Is there a better system for boardroom pay that rewards long term performance? There is hardly a main board director of a quoted company that struggles to live on his basic salary (unless he thinks he has a right to live like Bill Gates). Create absolute targets with performance up to the threshold represented by the basic salary and benefits package. For performance above the threshold (set at a genuinely tough level) pay an incentive. However, to ensure consistency of performance (and not short term gaming of the system) I would ensure one third is paid in cash, and two thirds of the incentive is paid over the next two years, but only if the targets for the next two years are met or exceeded.
Rewards for failure? Executive tenure has been getting shorter for years. The executive who can move companies and go on repeating above average performance is rare (although no-one wishes to acknowledge the fact). Performance is a complex mixture that involves personal qualifications, experience, behavioural attributes and skills plus the right team and a complimentary company culture. If an executive is encouraged to move companies then there is a high possibility of failure (not infrequently due to the hiring management). A contract that requires the giving of a long period of notice on the part of the job holder (as a means of retention) also requires a matching period of notice to terminate. Trying to apportion blame when an executive fails is as complex as attempting to adjudicate where blame lies in a failed marriage. A contract is a contract.

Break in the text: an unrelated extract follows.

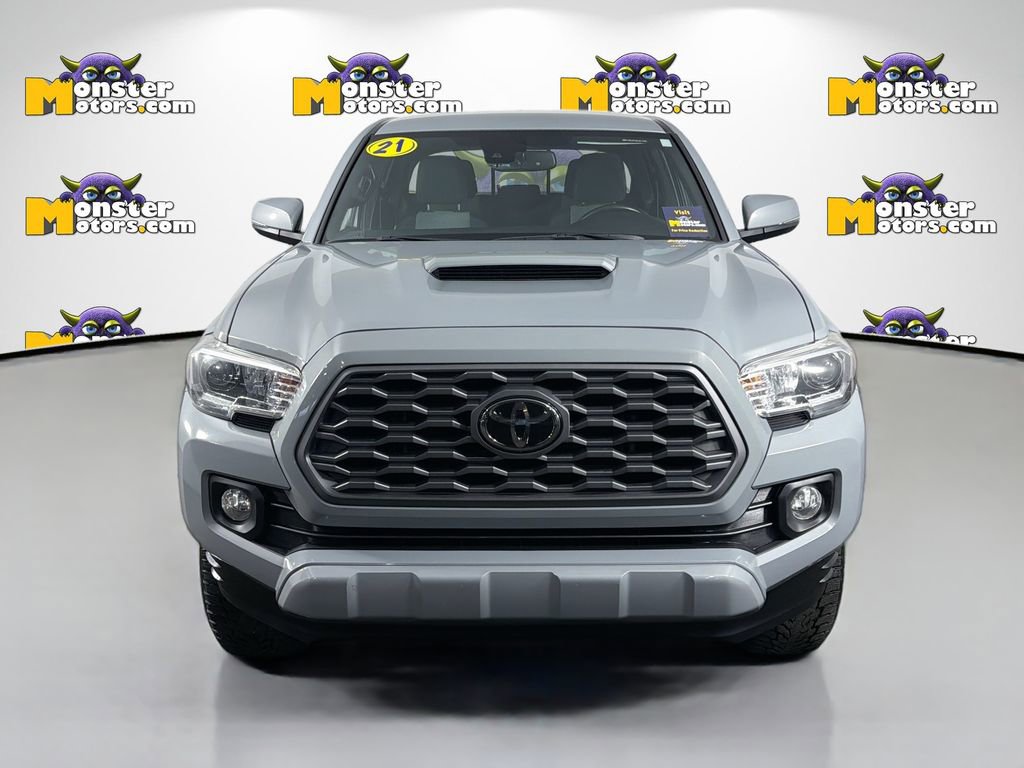 Used 2021 Toyota Tacoma TRD Sport image 2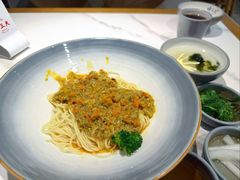 头牌蟹黄金拌面-馋三尺蟹粉小笼(人民广场店)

Are high rewards ‘fair’? It very much depends upon the definition of ‘fair’. Most dictionaries have a long list of common meanings for the word – Just to all parties; equitable: a compromise that is fair to both factions; being in accordance with relative merit or significance; consistent with rules, logic, or ethics. It’s difficult to construct an argument that a contract freely entered into by the parties concerned is the business of anyone else by these definitions. The general population is not a party to the process. However, there is a further definition – superficially true or appealing; specious. Fertile ground indeed for politicians and the envious masses. Perhaps we should retain the use of the word fair but restricted to the under fives who seem to understand its meaning so much better.

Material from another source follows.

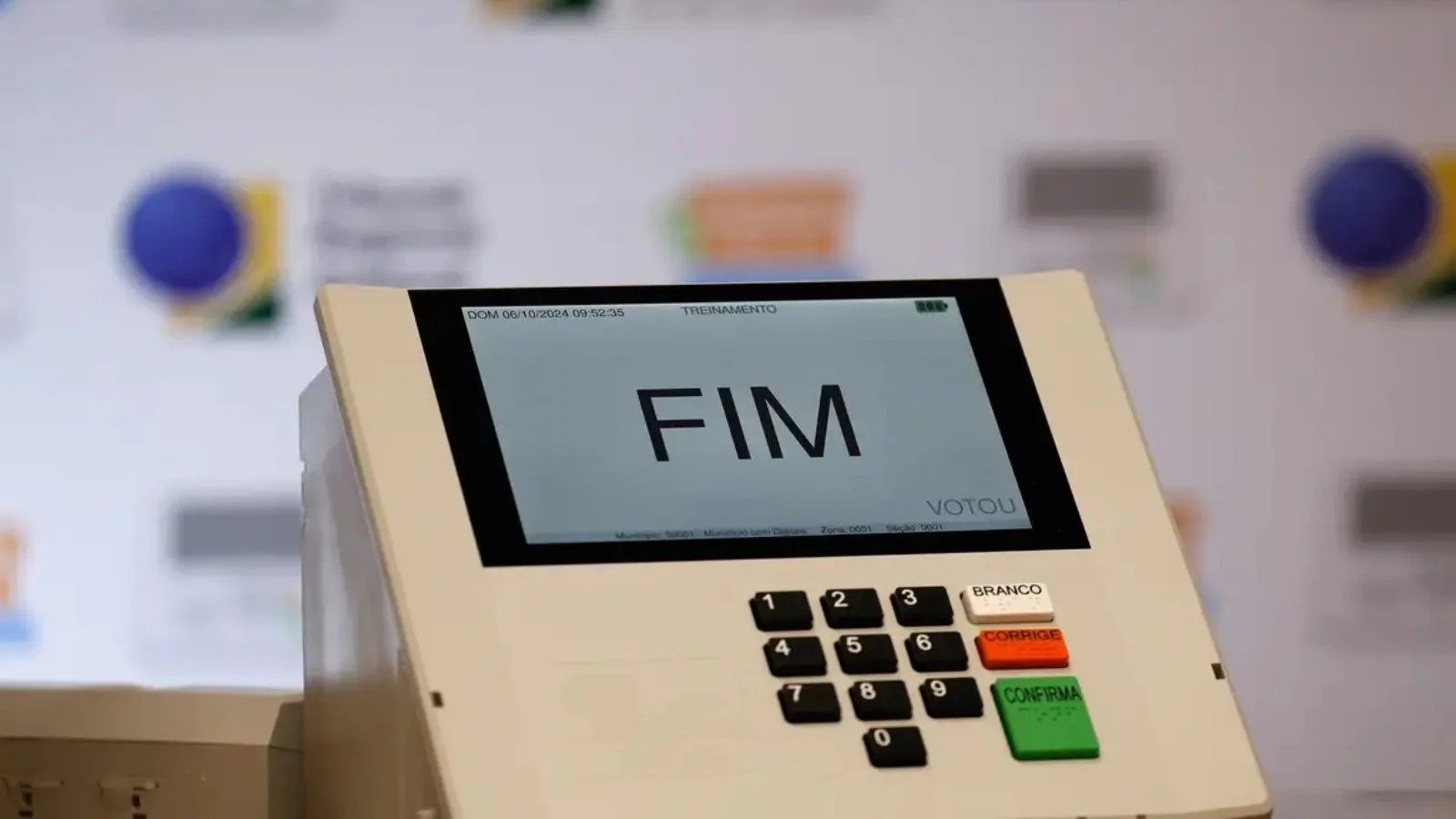 Procedimentos de vota&ccedil;&atilde;o para brasileiros no exterior. -  (crédito: T&acirc;nia R&ecirc;go / Ag&ecirc;ncia Brasil)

Whatever your views, vast sums from taxation on the salaries, bonuses and incentives of high earners flows into the exchequer and help pay for much of which is taken for granted. Yes, there are those who find (legal) tax avoidance schemes but it lies within the remit of the Government to simplify the horrendous mess that is our tax system that permits (and encourages) such schemes. Government could also work far harder to eliminate the appalling waste that would never be permitted in the private sector. And evidence based programmes are far more effective than sound bite political dogma and knee-jerk legislation. And if chief executives have ratcheted up their rates of pay by the technique of comparability, isn’t this what unions have been doing for a lot longer?
Finally, by HMRC’s own figures the top 1% pay 27.7% of total tax in the UK; fair or not?